TASK INSTRUCTIONS –
The listing is to be printed word for word, pictures omitted.
___ RECORDED DATA ___
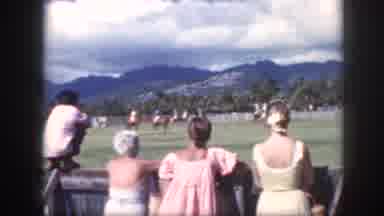 Oahu Hawaii USA (1959): Cars Old 70s Female Girls Polo Range Nature Game Sport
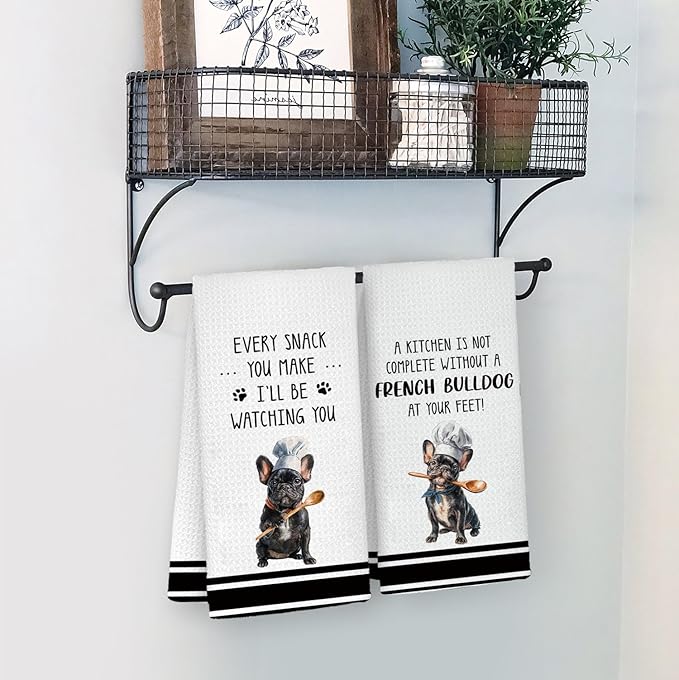 Chef French Bulldog Kitchen Towels Set of 2, Dog Mom Gifts for Women, Gifts for French Bulldog Lovers Dish Towels Dishcloths Tea Towels for Kitchen, Dog Gifts for Women, 16x24 Inch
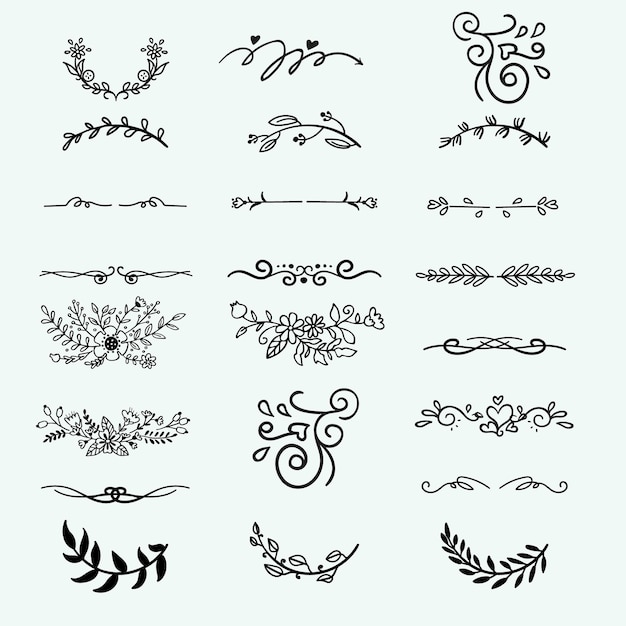 Divisor de remolinos decorativos Colección de objetos caligráficos vectoriales para el saludo de invitación de boda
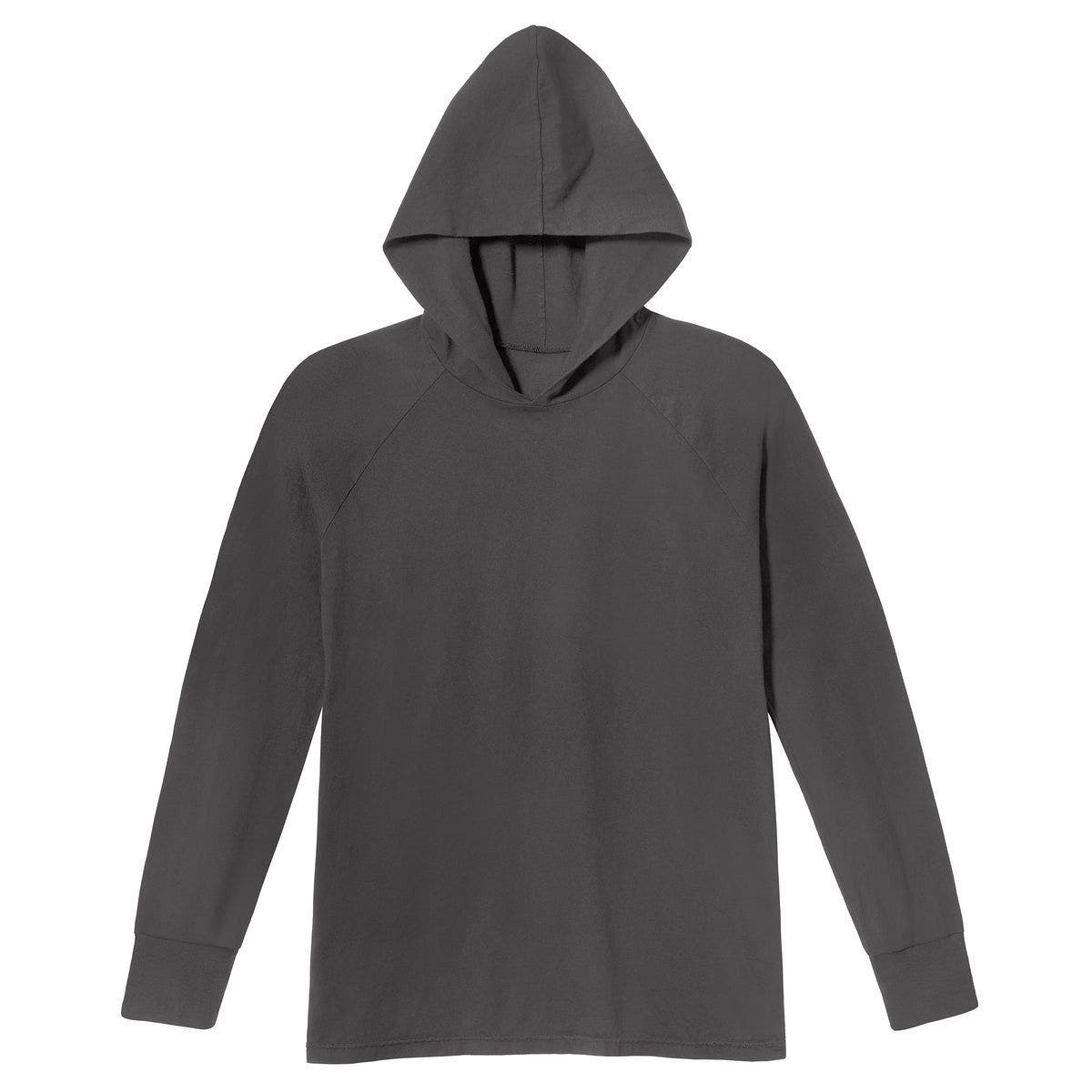 Mens 100% Cotton Midweight Long Sleeve Hooded T-Shirt with Cuffed Sleeves - image 4
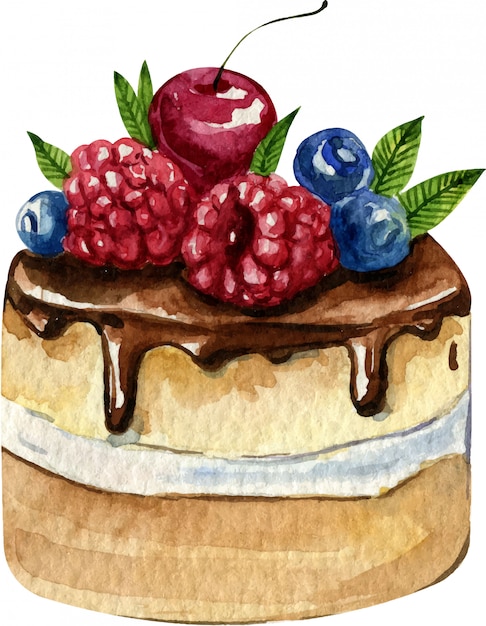 Plik wektorowy ręcznie malowane akwarela ciasto z wiśnią, jagodą i malinami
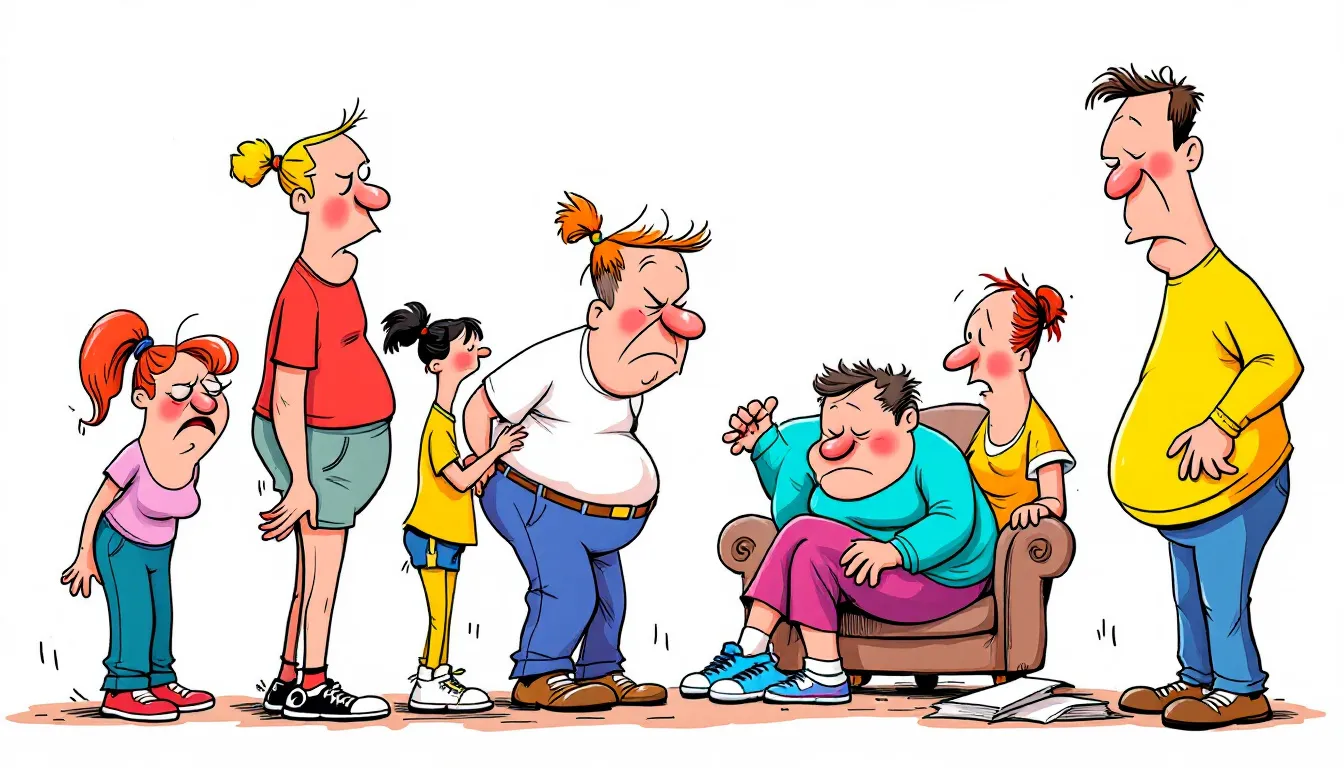 En grafisk representation av symtom vid rygg- och höftsmärta.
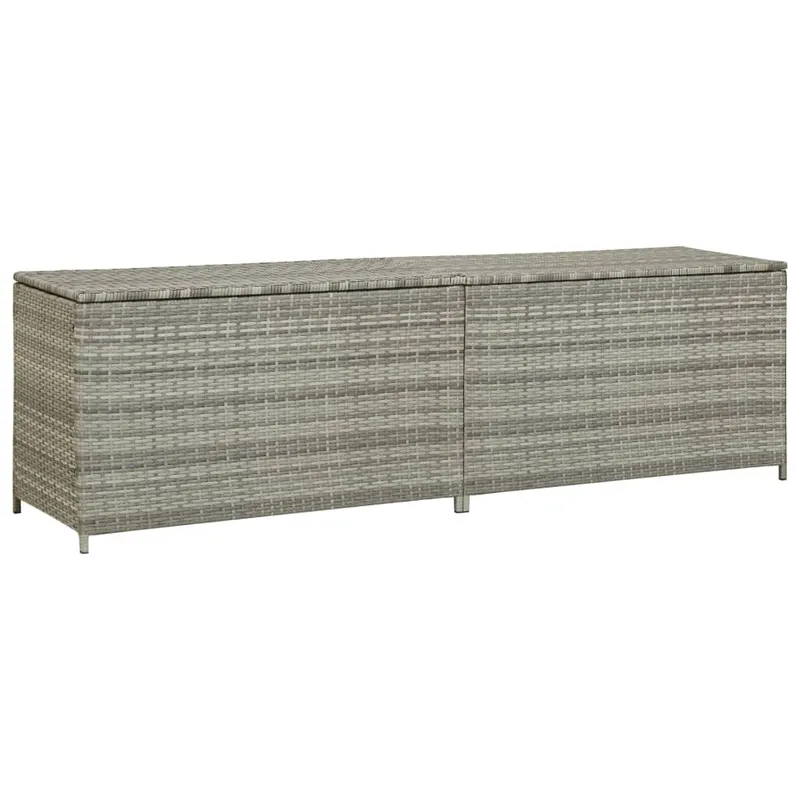 lada de depozitare de gradina, gri, 200x50x60 cm, poliratan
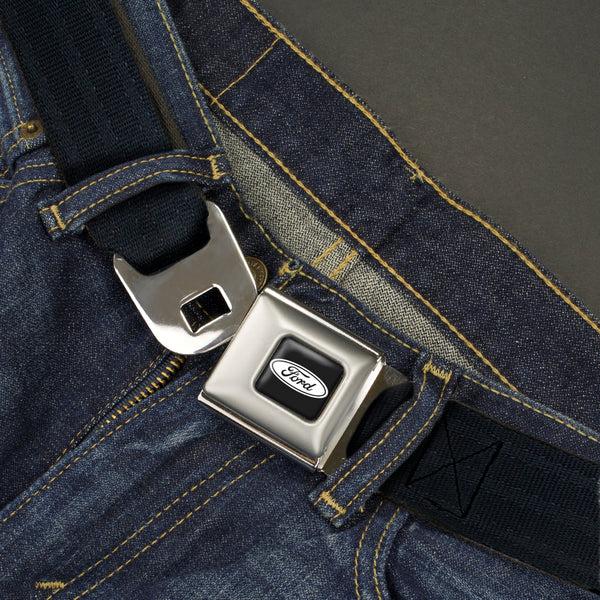 Buckle-Down Ford Emblem Seatbelt Belt - Black Panel Webbing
___
EXPECTED ANSWER –
 Oahu Hawaii USA (1959): Cars Old 70s Female Girls Polo Range Nature Game Sport
 Chef French Bulldog Kitchen Towels Set of 2, Dog Mom Gifts for Women, Gifts for French Bulldog Lovers Dish Towels Dishcloths Tea Towels for Kitchen, Dog Gifts for Women, 16x24 Inch
 Divisor de remolinos decorativos Colección de objetos caligráficos vectoriales para el saludo de invitación de boda
 Mens 100% Cotton Midweight Long Sleeve Hooded T-Shirt with Cuffed Sleeves - image 4
 Plik wektorowy ręcznie malowane akwarela ciasto z wiśnią, jagodą i malinami
 En grafisk representation av symtom vid rygg- och höftsmärta.
 lada de depozitare de gradina, gri, 200x50x60 cm, poliratan
 Buckle-Down Ford Emblem Seatbelt Belt - Black Panel Webbing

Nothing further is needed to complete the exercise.